On attribute inference...

Johannes Pfau via Digitalmars-d digitalmars-d at puremagic.com
Tue Apr 19 04:47:34 PDT 2016


Am Tue, 19 Apr 2016 01:57:21 -0700
schrieb Jonathan M Davis via Digitalmars-d
<digitalmars-d at puremagic.com>:

> I expect that hiding symbols which aren't public would certainly help
> a great deal in avoiding having a lot of unnecessary symbols in a
> compiled library, but it doesn't completely solve the problem. And
> when discussions on export have come up, some of the folks who are
> particularly knowledgeable on the subject have been _very_ much in
> favor of using export to restrict what is and isn't visible in the
> generated library rather than relying on public. They'll have to
> chime in to provide good details though. The main issue that I recall
> is the desire/need to reduce the number of symbols in order to make
> compiling/linking more efficient.
> 
> - Jonathan M Davis
> 

Not only compiling / linking: https://gcc.gnu.org/wiki/Visibility

* It very substantially improves load times of your DSO (Dynamic Shared
  Object). For example, a huge C++ template-based library which was
  tested (the TnFOX Boost.Python bindings library) now loads in eight
  seconds rather than over six minutes!

* It lets the optimiser produce better code. PLT indirections (when a
  function call or variable access must be looked up via the Global
  Offset Table such as in PIC code) can be completely avoided, thus
  substantially avoiding pipeline stalls on modern processors and thus
  much faster code. Furthermore when most of the symbols are bound
  locally, they can be safely elided (removed) completely through the
  entire DSO. This gives greater latitude especially to the inliner
  which no longer needs to keep an entry point around "just in case".
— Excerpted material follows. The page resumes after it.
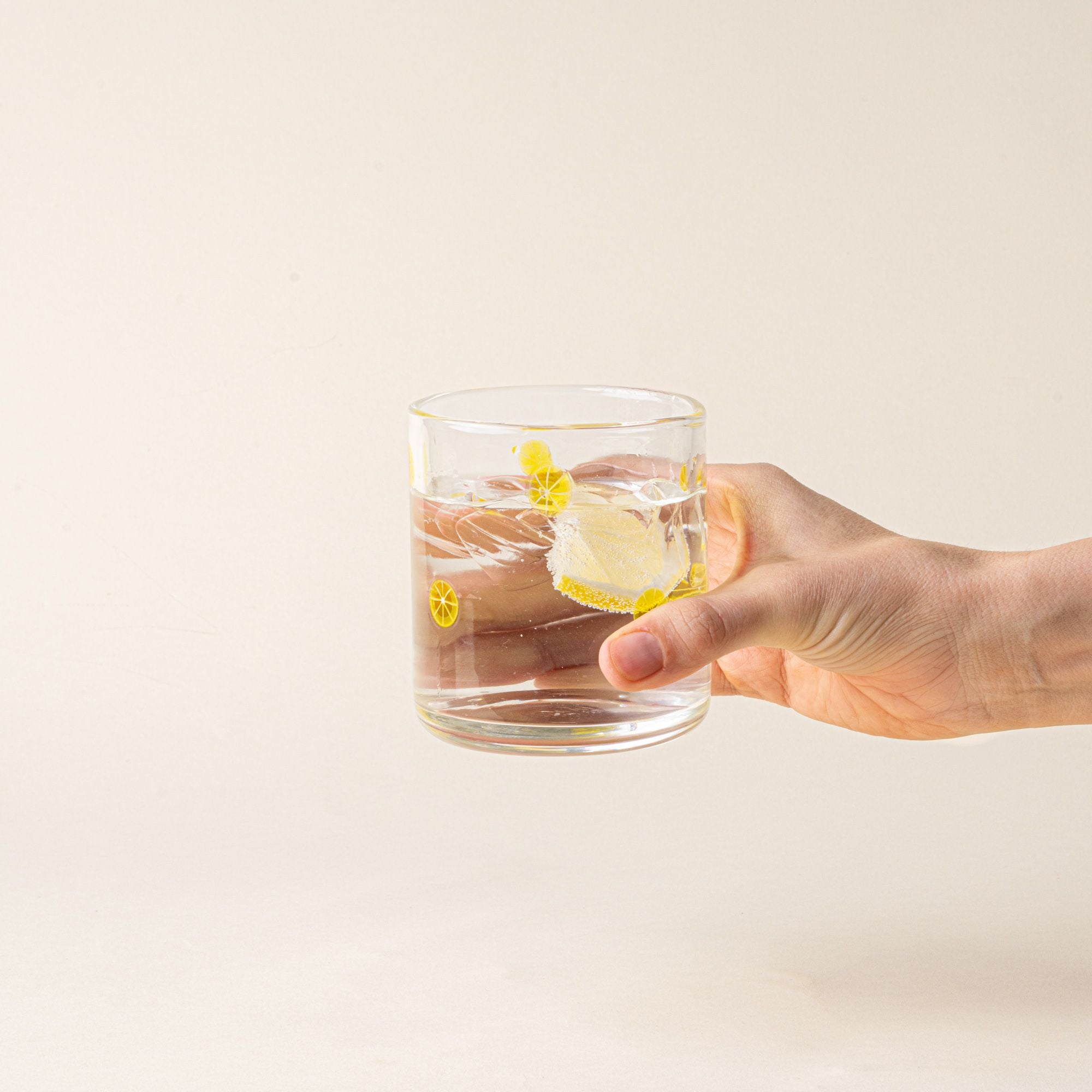 A hand holds a clear glass tumbler with yellow lemon slice motif, filled with water and a lemon slice.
* It reduces the size of your DSO by 5-20%. ELF's exported symbol table
  format is quite a space hog, giving the complete mangled symbol name
  which with heavy template usage can average around 1000 bytes. C++
  templates spew out a huge amount of symbols and a typical C++ library
  can easily surpass 30,000 symbols which is around 5-6Mb! Therefore if
  you cut out the 60-80% of unnecessary symbols, your DSO can be
  megabytes smaller!

* Much lower chance of symbol collision. The old woe of two libraries
  internally using the same symbol for different things is finally
  behind us with this patch. Hallelujah!